In Swift 4.0, the following code doesn't compile:
var str: String!
func someFunc(_ s: inout String?) {}
someFunc(&str)
Now I imagine that str is of type String? in actuality, and the Swift compiler seems to agree:
Cannot pass immutable value of type 'String?' as inout argument
I can fix this by either changing the the variable to type String? or the function parameters to (_ s: inout String!) but I don't understand why I have to. Swift already seems to agree that var str : String! is "of type 'String?'" — so why won't it let me pass it in here?
Is there another option I can use to keep my variable implicitly unwrapped, but still pass it to a function that modifies an optional?
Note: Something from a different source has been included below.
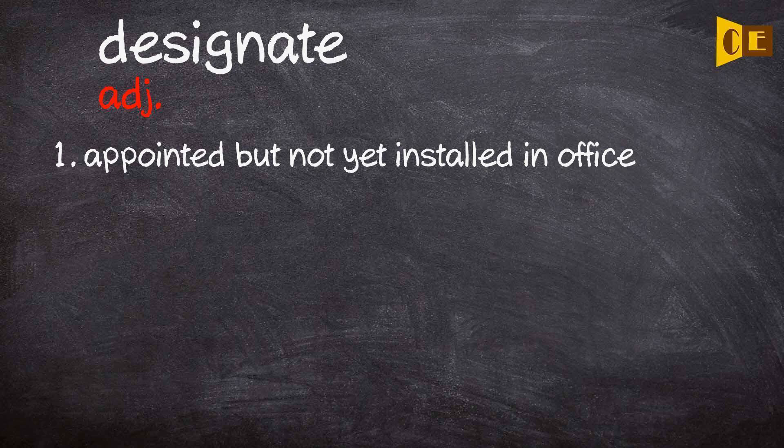Adjective: 1. Appointed but not yet installed in office.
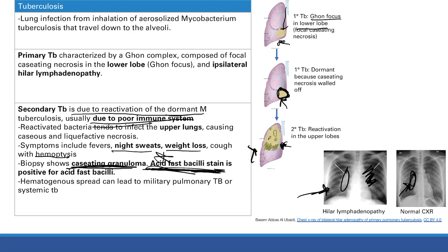If TB spreads hematogenously, it can lead to serious complications. You can get miliary TB, where lesions dot all along the lungs. It can also go systemic, hitting the brain and causing meningitis, or spreading to the lymph nodes.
I tried someFunc(&(str?)) and that just makes things weirder — then Swift complains:
Cannot pass immutable value of type 'String!' as inout argument".
So str is a String? but can't be passed as a String?, while str? is a String!?!
That code was actually:
var str: String!
func someFunc(_ x: inout String!) {}
someFunc(&(str?))
So maybe Swift is mistakenly saying the type of the parameter, rather than the value passed, in its error message…or something?
This is a known bug in the swift compiler. Hamish says in a comment this is fixed in a Swift 4.1 snapshot, so it may be fixed in the next Xcode release (9.3).
You can work around this by getting rid of the implicitly-unwrapped optional (IUO), which should be avoided anyway. Depending on why it's currently an IUO, either:
var str: String?
func someFunc(_ x: inout String?) {}
someFunc(&str)
or
var tmp: String?
func someFunc(_ x: inout String?) {}
someFunc(&tmp)
let str = tmp!
I strongly recommend the first, avoid force-unwrapping unless absolutely necessary.